## [REQUIRED ACTION]
I need the records below restated word for word, without their pictures.

════

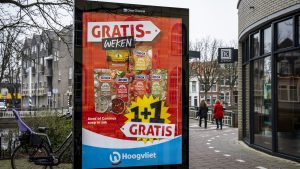Supermarktketen Hoogvliet geeft werknemers bonus voor niet ziek zijn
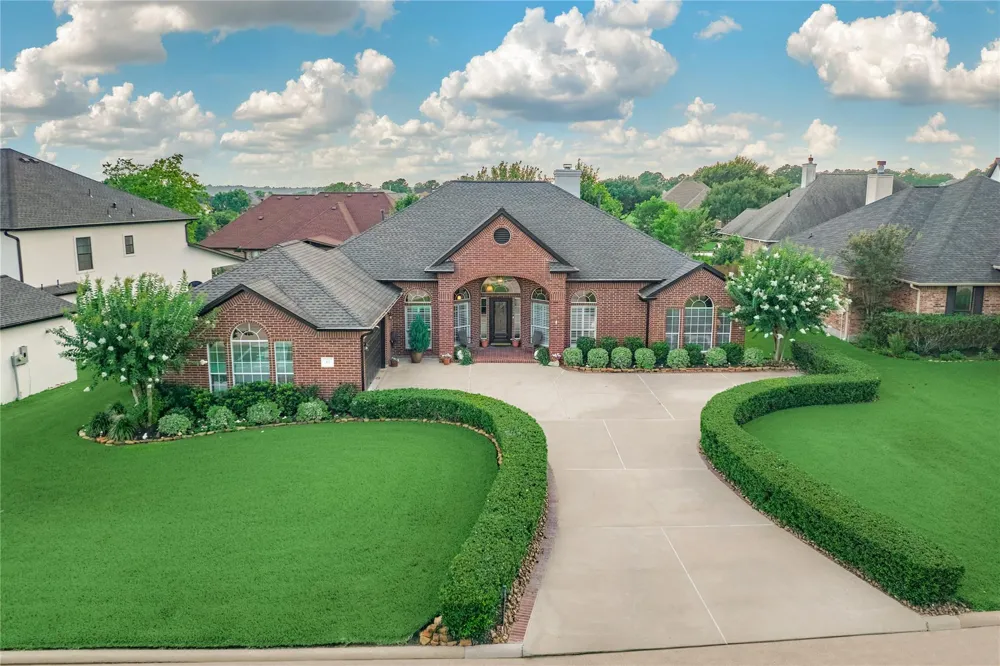 43 Winterhaven Lane Montgomery, TX 77356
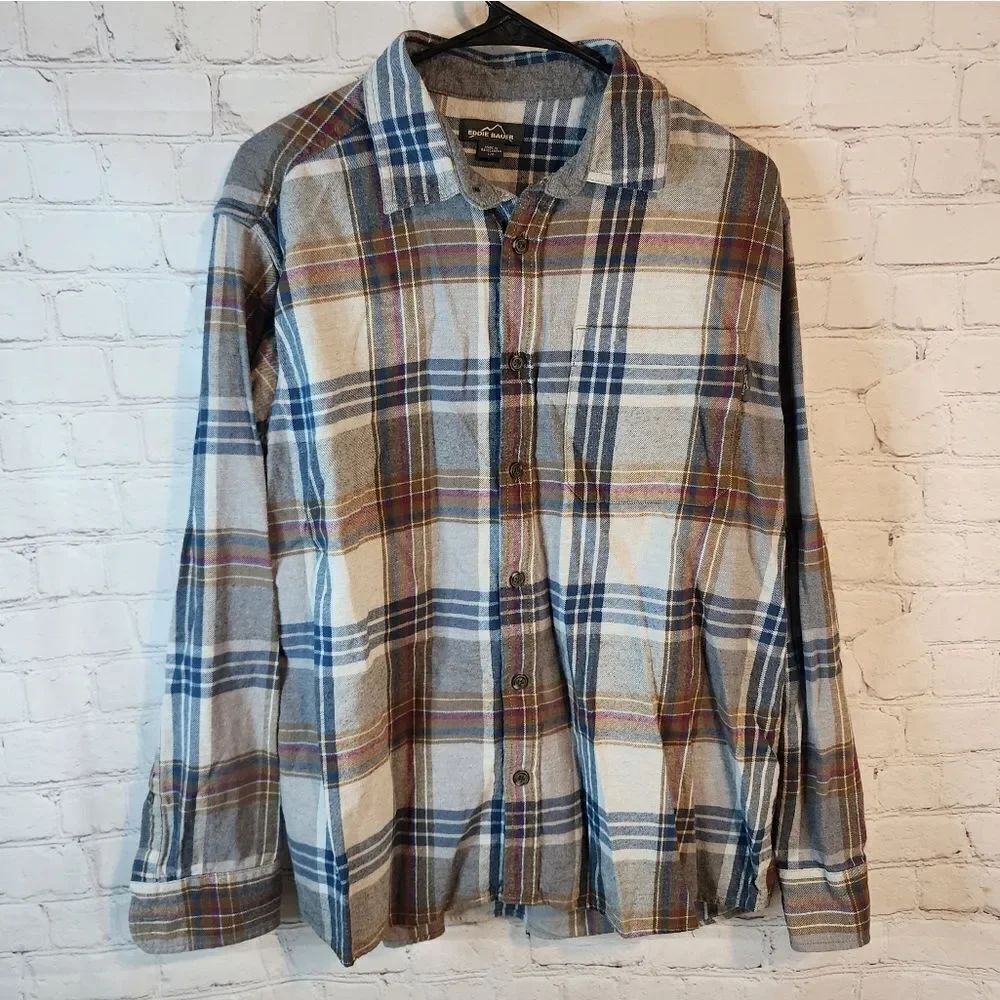 Men's Eddie Bauer longsleeve button-down shirt, size Large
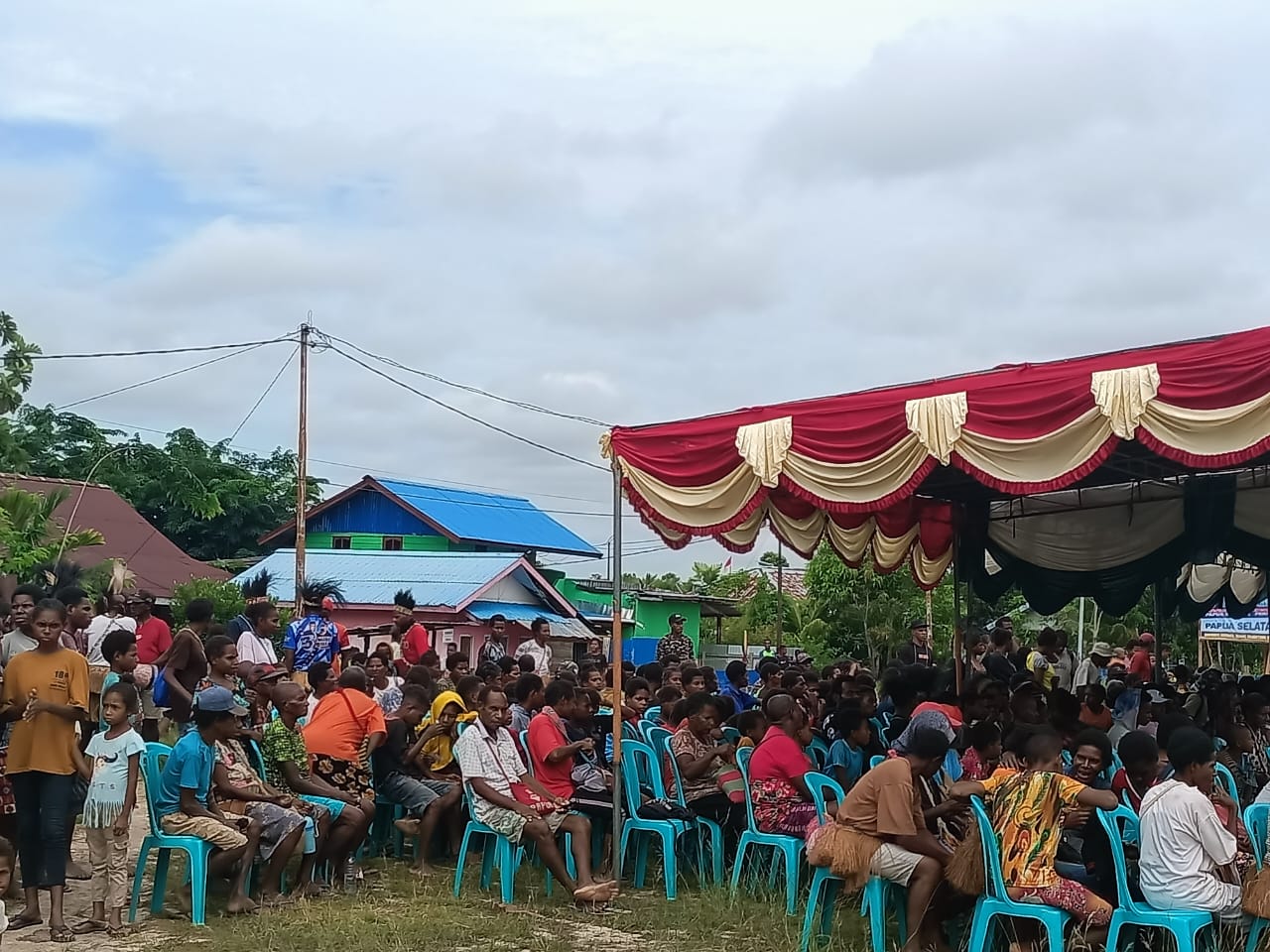 Masyarakat sudah berdatangan di Lapangan Krida untuk mengikuti kampanye Romanus-Muyak – Surya Papua/Frans Kobun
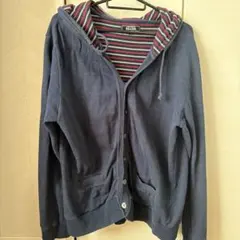 BEAMS ネイビー ボタン付きパーカー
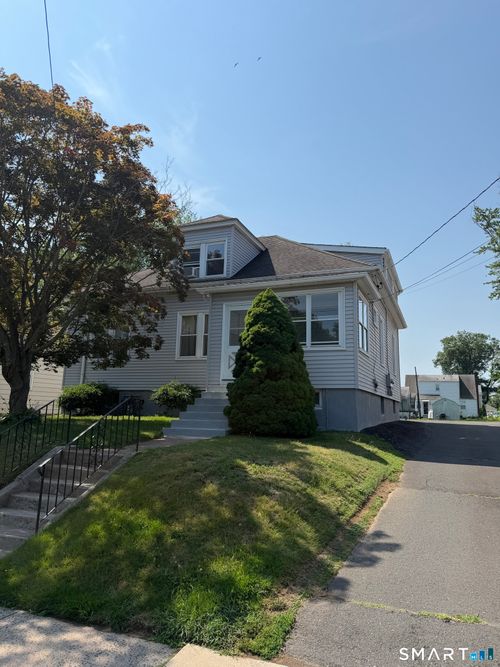 29 Englewood Ave, West Hartford, CT, 06110-1123 | Card Image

════

## [ANSWER SPACE]
Supermarktketen Hoogvliet geeft werknemers bonus voor niet ziek zijn
 43 Winterhaven Lane Montgomery, TX 77356
 Men's Eddie Bauer longsleeve button-down shirt, size Large
 Masyarakat sudah berdatangan di Lapangan Krida untuk mengikuti kampanye Romanus-Muyak – Surya Papua/Frans Kobun
 BEAMS ネイビー ボタン付きパーカー
 29 Englewood Ave, West Hartford, CT, 06110-1123 | Card Image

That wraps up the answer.